╭─ Entries supplied

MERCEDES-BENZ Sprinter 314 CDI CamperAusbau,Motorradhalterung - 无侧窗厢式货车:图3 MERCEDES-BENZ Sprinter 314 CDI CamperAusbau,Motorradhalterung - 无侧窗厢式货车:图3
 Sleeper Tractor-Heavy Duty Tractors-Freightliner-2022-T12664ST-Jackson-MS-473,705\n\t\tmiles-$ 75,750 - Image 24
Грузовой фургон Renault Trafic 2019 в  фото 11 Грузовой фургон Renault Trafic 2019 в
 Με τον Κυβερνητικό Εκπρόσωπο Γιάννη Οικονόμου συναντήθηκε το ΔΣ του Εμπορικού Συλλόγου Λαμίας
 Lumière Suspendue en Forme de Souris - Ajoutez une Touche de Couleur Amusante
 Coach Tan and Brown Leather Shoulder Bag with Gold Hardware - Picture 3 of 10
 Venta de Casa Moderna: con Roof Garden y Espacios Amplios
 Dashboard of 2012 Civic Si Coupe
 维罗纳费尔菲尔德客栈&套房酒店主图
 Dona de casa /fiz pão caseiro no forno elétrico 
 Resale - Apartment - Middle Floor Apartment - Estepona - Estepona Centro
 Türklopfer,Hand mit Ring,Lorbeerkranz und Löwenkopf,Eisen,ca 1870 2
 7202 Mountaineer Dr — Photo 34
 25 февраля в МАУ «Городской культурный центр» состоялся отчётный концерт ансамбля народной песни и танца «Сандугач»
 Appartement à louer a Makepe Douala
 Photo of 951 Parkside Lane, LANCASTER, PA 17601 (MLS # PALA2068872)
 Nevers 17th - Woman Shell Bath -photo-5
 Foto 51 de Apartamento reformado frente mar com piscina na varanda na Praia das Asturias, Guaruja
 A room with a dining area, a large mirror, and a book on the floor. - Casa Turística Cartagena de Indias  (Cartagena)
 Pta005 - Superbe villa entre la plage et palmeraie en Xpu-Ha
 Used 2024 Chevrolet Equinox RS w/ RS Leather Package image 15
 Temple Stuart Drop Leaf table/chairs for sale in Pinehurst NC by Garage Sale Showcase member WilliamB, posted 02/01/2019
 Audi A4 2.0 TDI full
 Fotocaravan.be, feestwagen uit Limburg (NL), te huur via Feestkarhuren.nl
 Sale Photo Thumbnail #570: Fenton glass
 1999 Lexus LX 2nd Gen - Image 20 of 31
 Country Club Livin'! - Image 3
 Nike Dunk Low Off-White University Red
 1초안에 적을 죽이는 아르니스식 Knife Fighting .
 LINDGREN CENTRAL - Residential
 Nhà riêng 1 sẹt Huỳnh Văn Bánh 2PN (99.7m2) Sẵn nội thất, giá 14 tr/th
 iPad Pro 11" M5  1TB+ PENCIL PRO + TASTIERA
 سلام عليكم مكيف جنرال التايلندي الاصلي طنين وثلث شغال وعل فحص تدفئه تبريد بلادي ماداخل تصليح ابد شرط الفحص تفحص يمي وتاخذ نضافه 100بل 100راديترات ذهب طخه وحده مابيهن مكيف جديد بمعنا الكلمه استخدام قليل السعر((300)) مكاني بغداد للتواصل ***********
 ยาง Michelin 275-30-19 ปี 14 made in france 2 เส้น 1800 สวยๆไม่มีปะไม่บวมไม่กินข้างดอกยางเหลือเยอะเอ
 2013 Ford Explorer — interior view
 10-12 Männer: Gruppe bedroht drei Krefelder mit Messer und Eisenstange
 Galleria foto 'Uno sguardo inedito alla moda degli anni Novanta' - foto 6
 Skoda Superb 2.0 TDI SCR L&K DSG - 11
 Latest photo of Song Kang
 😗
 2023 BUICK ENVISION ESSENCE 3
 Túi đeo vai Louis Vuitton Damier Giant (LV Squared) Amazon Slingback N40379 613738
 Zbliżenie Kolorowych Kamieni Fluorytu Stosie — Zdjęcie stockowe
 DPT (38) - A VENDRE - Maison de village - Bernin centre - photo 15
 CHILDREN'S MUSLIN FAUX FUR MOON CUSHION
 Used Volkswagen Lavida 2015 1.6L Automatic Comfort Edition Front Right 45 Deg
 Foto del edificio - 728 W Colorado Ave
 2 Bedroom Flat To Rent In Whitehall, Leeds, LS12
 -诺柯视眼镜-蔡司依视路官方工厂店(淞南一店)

╰─

Brief
Once the line with "Nike Dunk Low Off-White University Red" is found in the records above, print exactly that line and every line after it through the line with "Foto del edificio - 728 W Colorado Ave".

Finished exercise
 Nike Dunk Low Off-White University Red
 1초안에 적을 죽이는 아르니스식 Knife Fighting .
 LINDGREN CENTRAL - Residential
 Nhà riêng 1 sẹt Huỳnh Văn Bánh 2PN (99.7m2) Sẵn nội thất, giá 14 tr/th
 iPad Pro 11" M5  1TB+ PENCIL PRO + TASTIERA
 سلام عليكم مكيف جنرال التايلندي الاصلي طنين وثلث شغال وعل فحص تدفئه تبريد بلادي ماداخل تصليح ابد شرط الفحص تفحص يمي وتاخذ نضافه 100بل 100راديترات ذهب طخه وحده مابيهن مكيف جديد بمعنا الكلمه استخدام قليل السعر((300)) مكاني بغداد للتواصل ***********
 ยาง Michelin 275-30-19 ปี 14 made in france 2 เส้น 1800 สวยๆไม่มีปะไม่บวมไม่กินข้างดอกยางเหลือเยอะเอ
 2013 Ford Explorer — interior view
 10-12 Männer: Gruppe bedroht drei Krefelder mit Messer und Eisenstange
 Galleria foto 'Uno sguardo inedito alla moda degli anni Novanta' - foto 6
 Skoda Superb 2.0 TDI SCR L&K DSG - 11
 Latest photo of Song Kang
 😗
 2023 BUICK ENVISION ESSENCE 3
 Túi đeo vai Louis Vuitton Damier Giant (LV Squared) Amazon Slingback N40379 613738
 Zbliżenie Kolorowych Kamieni Fluorytu Stosie — Zdjęcie stockowe
 DPT (38) - A VENDRE - Maison de village - Bernin centre - photo 15
 CHILDREN'S MUSLIN FAUX FUR MOON CUSHION
 Used Volkswagen Lavida 2015 1.6L Automatic Comfort Edition Front Right 45 Deg
 Foto del edificio - 728 W Colorado Ave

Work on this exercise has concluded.